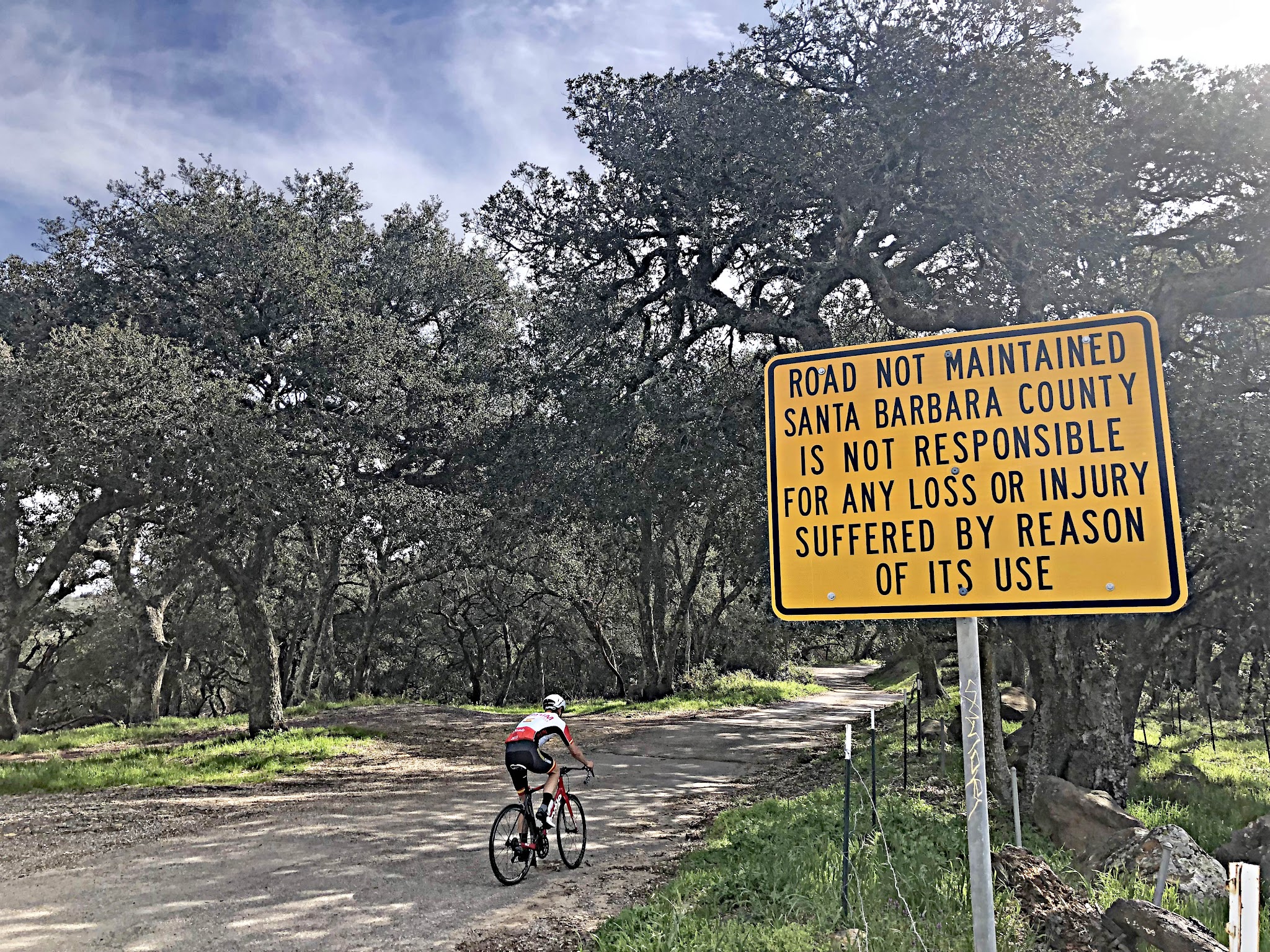 Bicycle ride Refugio Road - pjamm cyclist riding past road sign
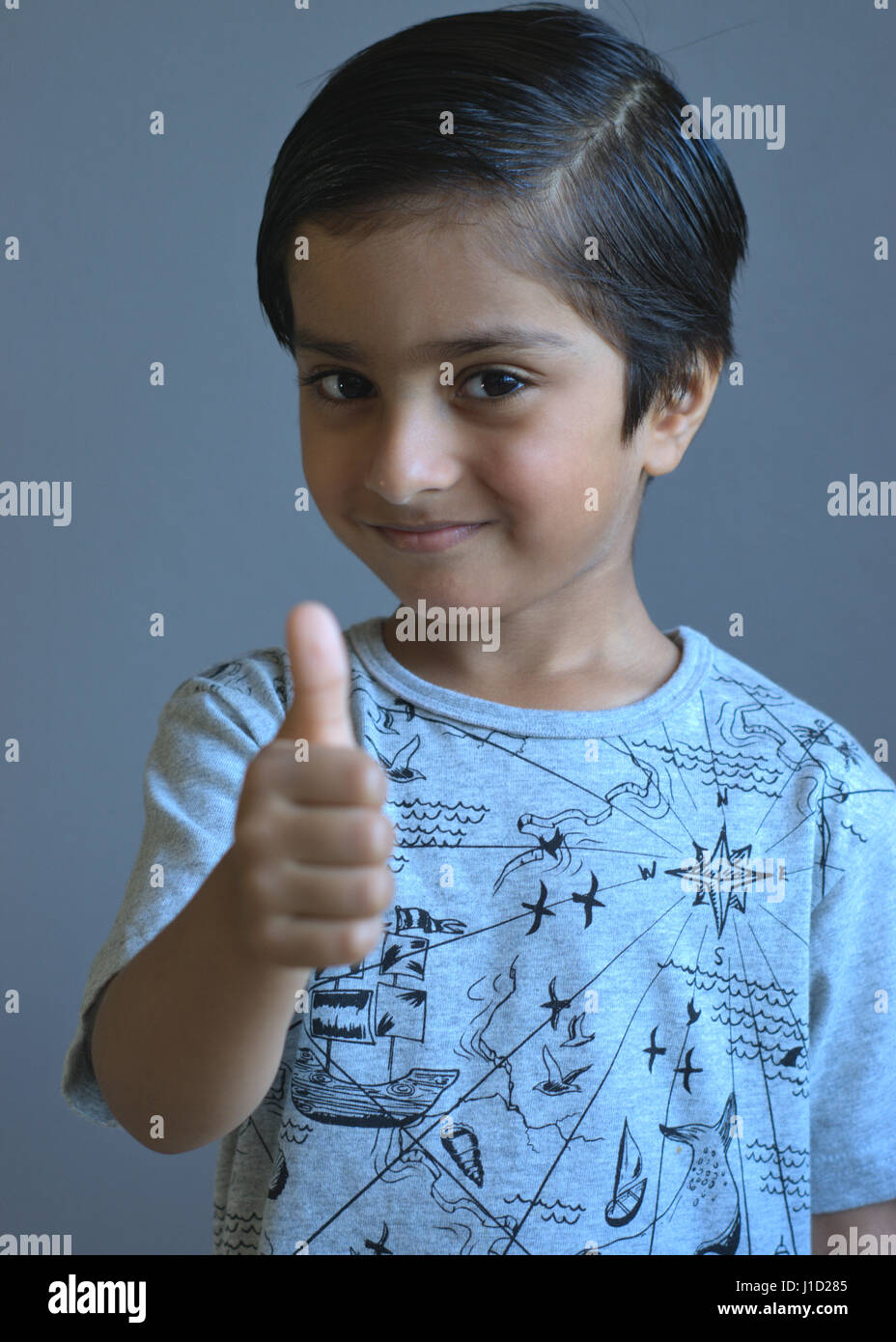 Glückliches Kind tun, Daumen nach oben. Lächelnd Kind zeigt positive Haltung Stockfoto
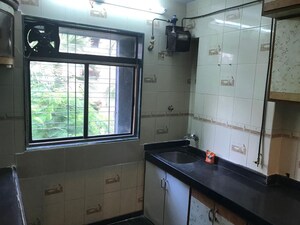 Kitchen in 2 BHK Apartment at NG Garden, Kandivali West – for Sale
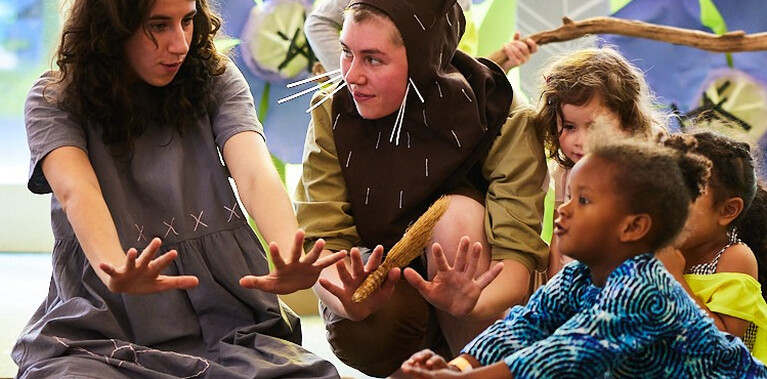 Two performers and a group of children are sat around a pile of sticks. They all have their arms outstretched as if feeling the warmth of an imaginary fire from the pile of sticks.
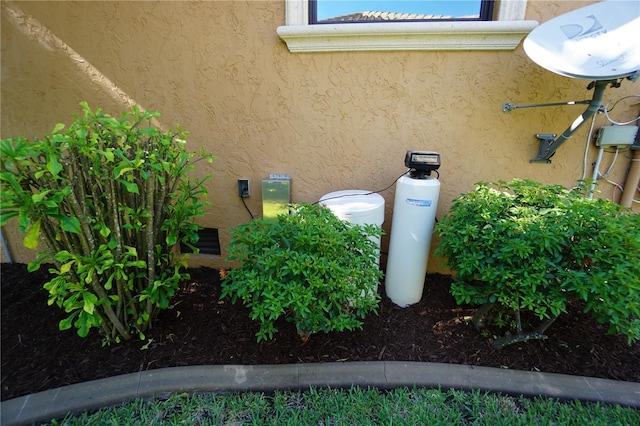 3507 Terin Ct, Punta Gorda, FL 33950 - exterior view of stucco siding and a water softener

__Work to complete__
Everything in the listing should be repeated exactly except the pictures.

__Response to this task__
 Bicycle ride Refugio Road - pjamm cyclist riding past road sign
 Glückliches Kind tun, Daumen nach oben. Lächelnd Kind zeigt positive Haltung Stockfoto
 Kitchen in 2 BHK Apartment at NG Garden, Kandivali West – for Sale
 Two performers and a group of children are sat around a pile of sticks. They all have their arms outstretched as if feeling the warmth of an imaginary fire from the pile of sticks.
 3507 Terin Ct, Punta Gorda, FL 33950 - exterior view of stucco siding and a water softener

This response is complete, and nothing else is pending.